Olaf Scholz said that the Germans have no historical guilt towards Russians for the war and, therefore, he is ready to fight again. This rather common fake was voiced at a round table in Minsk by Vitaly Tretyakov, a Russian political analyst and regular participant of Solovyov's programmes: 

"Scholz says: We have no historical guilt, that's it, we have paid off World War II to the Russians. That's why they will bring the Bundeswehr tanks to the lands that are called Ukrainian, when, in fact, at least half of it is Novorossiya".

Similar statements can be fouгnd in pro-Russian telegram channels. Here, for example, is a post with the headline "Germany is no longer ashamed of its Nazi past" in the telegram channel "Release the Kraken" with an audience of almost 300 thousand subscribers. And here's what the Tsargrad TV channel says on its website:

"German Chancellor Olaf Scholz has made a statement that goes beyond all reasonable limits. The OstWest.tv channel quoted his words, which came close to rehabilitating Nazism.
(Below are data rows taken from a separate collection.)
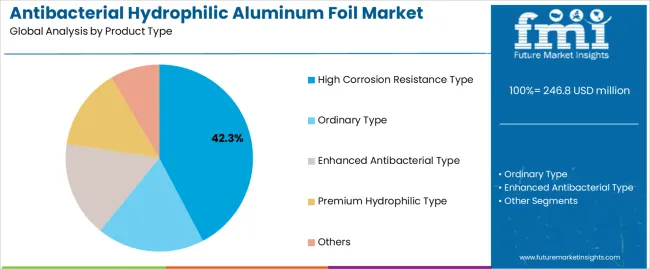 Antibacterial Hydrophilic Aluminum Foil Market Analysis By Product Type Antibacterial Hydrophilic Aluminum Foil Market Analysis By Product Type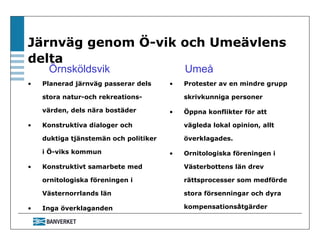 Järnväg genom Ö-vik och Umeävlens delta Planerad järnväg passerar dels stora natur-och rekreations-värden, dels nära bostäder Konstruktiva dialoger och duktiga tjänstemän och politiker i Ö-viks kommun Konstruktivt samarbete med ornitologiska föreningen i Västernorrlands län Inga överklaganden  Protester av en mindre grupp skrivkunniga personer  Öppna konflikter för att vägleda lokal opinion, allt överklagades. Ornitologiska föreningen i Västerbottens län drev rättsprocesser som medförde stora försenningar och dyra kompensationsåtgärder Örnsköldsvik Umeå 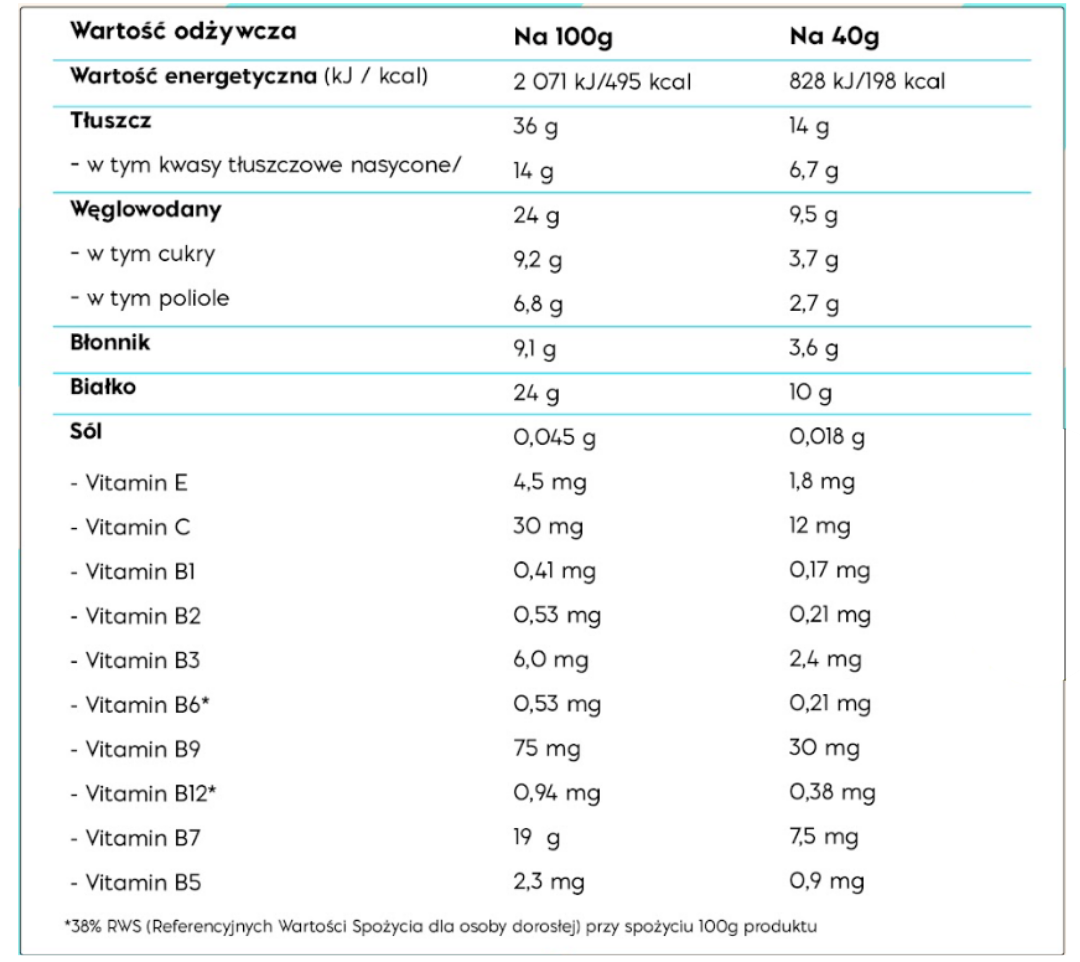 Tabela wartości odżywczych – NICK'S Chocolate Protein Wafer 40g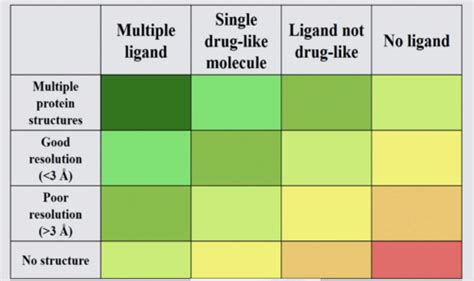 Amino Acid Peptides And Proteins Flashcards Quizlet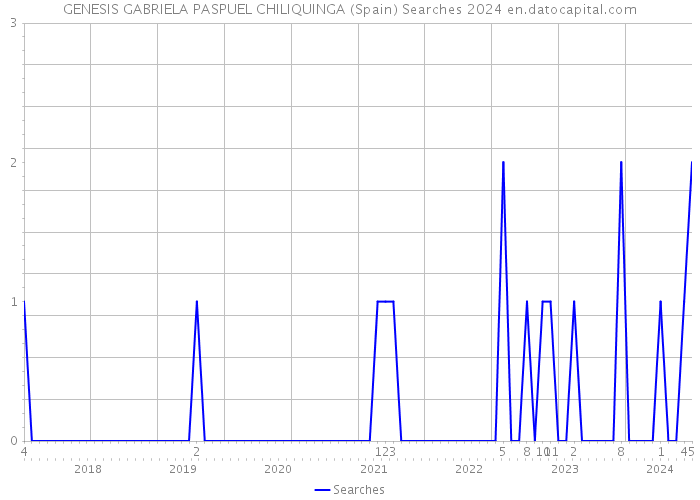 GENESIS GABRIELA PASPUEL CHILIQUINGA (Spain) Searches 2024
Scholz said that 24 February was a pivotal day in the continent's history. “Vladimir Putin wants to recreate the Russian Empire and rule Europe as he sees fit”, Scholz said, adding, “The Russian people don’t want war. This war will remain Putin's war”. He freed Germany of its historical guilt."

This refers to Olaf Scholz's speech to the Bundestag back on 27 February. "Tsargrad" in this news refers to the German Russian-language TV channel "OstWest.tv". Well, we checked this claim. On 27 February, OstWest broadcast the very same Scholz’s speech with Russian translation. You can find it on the channel's YouTube. And this is what Scholz actually said:

"Because it was Vladimir Putin, not the Russian people, who decided to engage in this war. And this war is Vladimir Putin's war. And it’s important to me that there is this difference. Because after World War II, the Russian and German people have been able to reconcile. And this is a very important brick in the foundation of our shared history."

So it turns out that Scholz didn’t utter the phrase: "He freed Germany from historical guilt". Instead he said that the Russian and German people were able to reconcile after the war. A completely different meaning. We even double-checked this in the transcript of Scholz's speech on the Federal Government website. In the official translation, the phrase sounds similar:

"Because reconciliation between Germans and Russians after the Second World War was – and remains – an important chapter of our shared history." 

So it turned out that "OstWest.tv ", to which Tsargrad refers, has nothing to do with it.